![]() The interrelationship between environment and art can nowhere be more clearly demonstrated than in the lives and dwelling places of the Bohemian artists, les Fauves, or the "wild men," as they called themselves, who lived in Paris during the first decade of the 20th century. The Pre-Raphaelites of England created for themselves a medieval scene. The impressionists in France enjoyed suburban life and the postimpressionist adventurers fled the city to live in the provinces. The "wild men," needing the stimulation of the Latin Quarter on the Left Bank of the Seine, the more romantic, dimly lighted streets of Montparnasse, or the underworld society of Montmartre, congregated in the slums, frequented the cheap cafés, lived in garret studios, or haunted the stage and the circus.
Mürger's novel, La Vie de Bohème, popularized by the opera La Bohème, describes the life of those artists whose superior wit enabled them to live upon the foibles of the stodgy bourgeoisie while pursuing love affairs with their models or portraying their own souls. The dweller in Bohemia, a Till Eulenspiegel, alive in a world of puppets was at once mountebank and cardsharp, perhaps a satirical clown living almost at war with society. He was tolerated chiefly because almost every Parisian fancied himself a potential artist or amateur. It was perhaps as such a Bohemian that Picasso could write, "All art is a lie."
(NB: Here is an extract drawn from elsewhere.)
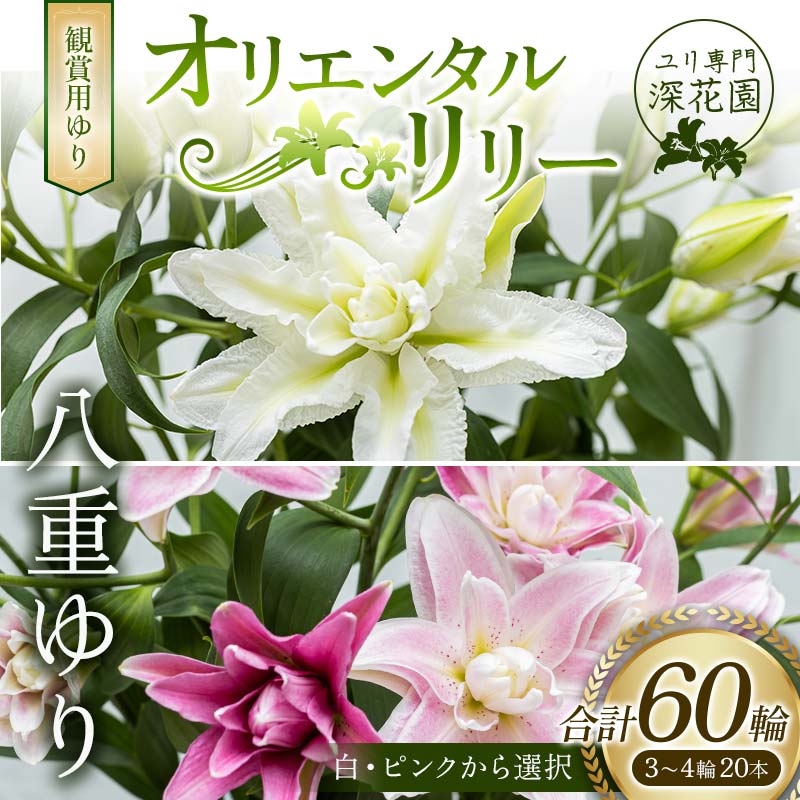 【ふるさと納税】ユリ専門＜深花園＞観賞用ゆり オリエンタルリリー 八重ゆり 3～4輪20本 F23R-518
Much of this "Bohemian" art cannot be taken too seriously for either its aesthetic quality or its social value, because it has been created "tongue in cheek," as a gesture of defiance toward an unsympathetic world. The subject matter of Bohemian art, for the greater part, includes objects unassociated with charm or pleasantness. Perhaps some onions and moldy cheese, a bottle of villainous-looking wine, a cast-off shoe, or a broken chair will be arranged and so painted that, despite our natural disgust, we are inclined to admit the power of art to create an interesting effect where actually none exists. So the Fauvists sought an unattractive environment as a milieu out of which to create, in a revival of genre painting, a more significant design.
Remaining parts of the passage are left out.